Transfers of assets and liabilities will be subject to supervisory scrutiny if they are at least equal to 10% of the total assets or liabilities of such entity, or 15% of its assets or liabilities, where the intended transfer is performed within the same group. However, for public policy reasons, while also seeking to maintain financial stability as the ultimate goal of prudential supervision, certain types of asset transfers will be exempt from this regime. These are: (i) transfers of non-performing assets; (ii) transfers of assets for the purpose of being included in a cover pool within the meaning of the Covered Bonds Directive and for the purpose of securitisation; and (iii) transfers of assets or liabilities in the context of the use of resolution tools, powers and mechanisms provided for in the BRRD.
Finally, mergers and divisions will be captured by the new notification and assessment regime without materiality thresholds applying.

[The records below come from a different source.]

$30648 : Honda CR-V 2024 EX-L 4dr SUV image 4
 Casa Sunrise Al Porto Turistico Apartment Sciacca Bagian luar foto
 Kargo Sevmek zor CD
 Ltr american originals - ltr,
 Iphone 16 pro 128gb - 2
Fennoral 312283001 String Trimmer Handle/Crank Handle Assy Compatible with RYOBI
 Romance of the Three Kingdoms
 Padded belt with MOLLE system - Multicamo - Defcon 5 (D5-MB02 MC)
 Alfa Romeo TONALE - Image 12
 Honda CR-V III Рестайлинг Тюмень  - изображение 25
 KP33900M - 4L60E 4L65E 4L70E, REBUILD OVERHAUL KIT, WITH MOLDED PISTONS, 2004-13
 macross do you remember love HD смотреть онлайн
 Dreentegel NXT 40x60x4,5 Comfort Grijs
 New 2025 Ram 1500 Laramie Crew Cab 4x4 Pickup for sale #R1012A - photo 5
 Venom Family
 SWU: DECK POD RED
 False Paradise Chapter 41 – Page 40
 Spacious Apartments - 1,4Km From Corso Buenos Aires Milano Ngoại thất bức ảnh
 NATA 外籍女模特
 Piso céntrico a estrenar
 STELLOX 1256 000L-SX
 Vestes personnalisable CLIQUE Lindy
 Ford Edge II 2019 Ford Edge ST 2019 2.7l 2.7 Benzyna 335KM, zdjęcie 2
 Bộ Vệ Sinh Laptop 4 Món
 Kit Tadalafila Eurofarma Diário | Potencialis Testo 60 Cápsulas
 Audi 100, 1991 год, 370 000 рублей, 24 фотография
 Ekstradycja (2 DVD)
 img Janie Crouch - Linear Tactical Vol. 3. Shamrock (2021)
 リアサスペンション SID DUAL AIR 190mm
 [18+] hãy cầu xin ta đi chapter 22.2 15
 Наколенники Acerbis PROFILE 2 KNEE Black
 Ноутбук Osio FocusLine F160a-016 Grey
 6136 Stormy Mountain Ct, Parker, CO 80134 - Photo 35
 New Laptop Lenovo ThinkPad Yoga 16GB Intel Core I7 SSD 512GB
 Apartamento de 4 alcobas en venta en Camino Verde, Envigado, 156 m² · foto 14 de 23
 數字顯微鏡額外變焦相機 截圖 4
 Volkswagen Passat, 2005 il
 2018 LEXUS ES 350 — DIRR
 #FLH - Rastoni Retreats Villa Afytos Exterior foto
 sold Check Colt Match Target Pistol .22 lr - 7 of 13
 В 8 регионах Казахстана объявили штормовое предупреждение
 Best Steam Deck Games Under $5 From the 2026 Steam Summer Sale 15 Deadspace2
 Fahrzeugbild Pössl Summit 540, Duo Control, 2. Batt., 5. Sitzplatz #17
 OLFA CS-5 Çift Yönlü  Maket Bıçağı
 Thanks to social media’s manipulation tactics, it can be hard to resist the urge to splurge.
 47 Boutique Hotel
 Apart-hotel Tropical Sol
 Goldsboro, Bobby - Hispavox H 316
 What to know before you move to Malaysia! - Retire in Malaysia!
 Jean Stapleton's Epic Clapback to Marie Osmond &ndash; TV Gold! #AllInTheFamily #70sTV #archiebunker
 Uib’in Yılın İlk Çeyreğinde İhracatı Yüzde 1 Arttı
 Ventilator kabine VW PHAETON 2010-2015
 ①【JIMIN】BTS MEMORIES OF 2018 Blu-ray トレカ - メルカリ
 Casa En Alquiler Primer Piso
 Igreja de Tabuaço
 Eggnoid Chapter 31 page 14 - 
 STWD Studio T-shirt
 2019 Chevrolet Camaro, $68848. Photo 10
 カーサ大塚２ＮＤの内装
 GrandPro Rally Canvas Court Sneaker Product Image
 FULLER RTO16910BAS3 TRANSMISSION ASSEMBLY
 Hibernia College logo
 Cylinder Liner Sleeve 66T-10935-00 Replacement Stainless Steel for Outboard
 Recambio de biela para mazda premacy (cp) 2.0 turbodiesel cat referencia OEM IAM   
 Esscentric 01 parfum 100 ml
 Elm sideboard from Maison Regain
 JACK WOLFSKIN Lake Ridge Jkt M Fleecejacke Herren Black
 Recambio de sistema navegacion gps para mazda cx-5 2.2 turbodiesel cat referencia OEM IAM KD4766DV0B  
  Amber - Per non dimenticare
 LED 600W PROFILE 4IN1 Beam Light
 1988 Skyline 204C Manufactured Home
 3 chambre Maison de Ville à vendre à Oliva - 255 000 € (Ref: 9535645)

Key features of the notification and assessment procedures
Generally speaking, the new procedures closely mirrors shareholder control procedures. All transactions subject to the new regime require an ex-ante notification of the national competent authority and closing of these transactions is subject to supervisory approval. For acquisitions of qualifying holdings and material transfers of assets and liabilities, approval is deemed to have been obtained if the national competent authority does not object to the proposed transaction within ,generally, 60 working days following the filing of a complete notification by the notifying entity (known as ‘tacit consent’). Only mergers and divisions require explicit regulatory approval (except in the case of group internal transactions).
The common goal of all these procedures is to ensure the soundness of the prudential profile of the relevant entity after the completion of the proposed transaction. To this end, the Commission proposes partially overlapping and diverging assessment criteria for the different types of transactions included in its proposal. For all of these transactions, national competent authorities shall assess whether: (i) the entity will be able to comply and continue to comply with the applicable regulatory framework as set out, in particular, in CRDIV/CRR; and (ii) there are reasonable grounds to suspect that the transaction entails money laundering or terrorist financing, or could increase the risk of either. In addition, the assessment of acquisitions of qualifying holdings shall also include an assessment of the repute, knowledge, skills and experience of any new member of the management body of the acquirer (the ‘fit and proper’ test) The assessment of mergers and divisions includes an assessment of the reputation and financial soundness of entities involved in the proposed transaction and whether the implementation plan of the proposed operation is realistic, sound and efficient from a prudential perspective.
The European Commission's proposal for this expansion of supervisory powers (and other changes to CRD IV) are currently been discussed by the Council and the European Parliament and must be implemented into national law within 18 months of the entry into force of CRDVI.